One of the many challenges of working with liturgical sources - not only fragments but also complete survivals - is the condensation of information that takes place on the liturgical page. Books containing liturgical material were intended to provide the texts for a wide range of feasts with various degrees of completion. Certain types of books contained only certain chants, such as the antiphonary, so named for its predominant focus on the antiphons, a text sung before and/or after the psalms and, in the case of a saint's feast, often containing material specific to the saint of the day. In other cases, books that contained several types of texts, such as breviaries, could be divided so that one breviary contained the material for the summer season and the other contained the material for the winter season.
Another type of challenge that comes with the compression of information on the liturgical page, is to be able to identify a text when the only identifying feaure is the first word, the so-called incipit. Thanks to the work of numerous academics, there are great databases in place to help identifying chants, such as cantusindex.org and cantus.uwaterloo.ca. Even when the chant is identified, however, there sometimes remains a question of the chant's intertextuality: What does the chant point to, what texts are it meant to invoke?
RARA Musik M 4
Syddansk Universitetsbibliotek
One example of such intertextuality can be found in the fragment RARA Musik M 4, as seen above. The picture shows a section from the office for the feast of the dedication of a church. This was a feast held on the anniversary of the church's dedication, and the date itself therefore varies from church to church, but the texts were for the most part common to all Latin churches.
The picture shows a responsory, a text which follows the lesson and serves as a response to the theme of the lesson, hence the name.

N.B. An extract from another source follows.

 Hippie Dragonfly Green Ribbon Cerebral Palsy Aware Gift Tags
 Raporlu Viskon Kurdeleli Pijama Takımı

Only the incipit is recorded, but this is also all that is needed, as this is a case of biblical intertextuality that would be well known to most of the literate members of the clerical community. The incipit refers to the exclamation of Jacob after he has wrestled the angel in Genesis 28:17, saying "terribilis est, inquit, locus iste, non est hic aliud nisi domus Dei, et porta caeli", which in the Douay-Rheims edition is translated as: "he said: How terrible is this place! this is no other but the house of God and the gate of heaven". Jacob then takes the stone that served as his pillow during the night, sets it erects, pours oil on it, and renames the place Bethel (previously called Luza).
This quotation should also indicate very clearly why this text is used in chant for the feast of the dedication of a church: When Jacob utters his exclamation, he locates on earth a locality that serves as the house of God, a place where the divine presence is particularly strongly felt. In Christianity, the church is exactly such a place, a house of God where mankind can more easily contemplate and become aware of God and the divine mystery. In this way, Jacob's words, as well as his dedication of Bethel onto God, becomes a typological forerunner for every single church in Christendom, and in singing the responsory Terribilis est, the clerical community binds its own church typologically to Bethel, to the proto-church of the Old Testament, and in this way makes itself a part of the long history of Christendom.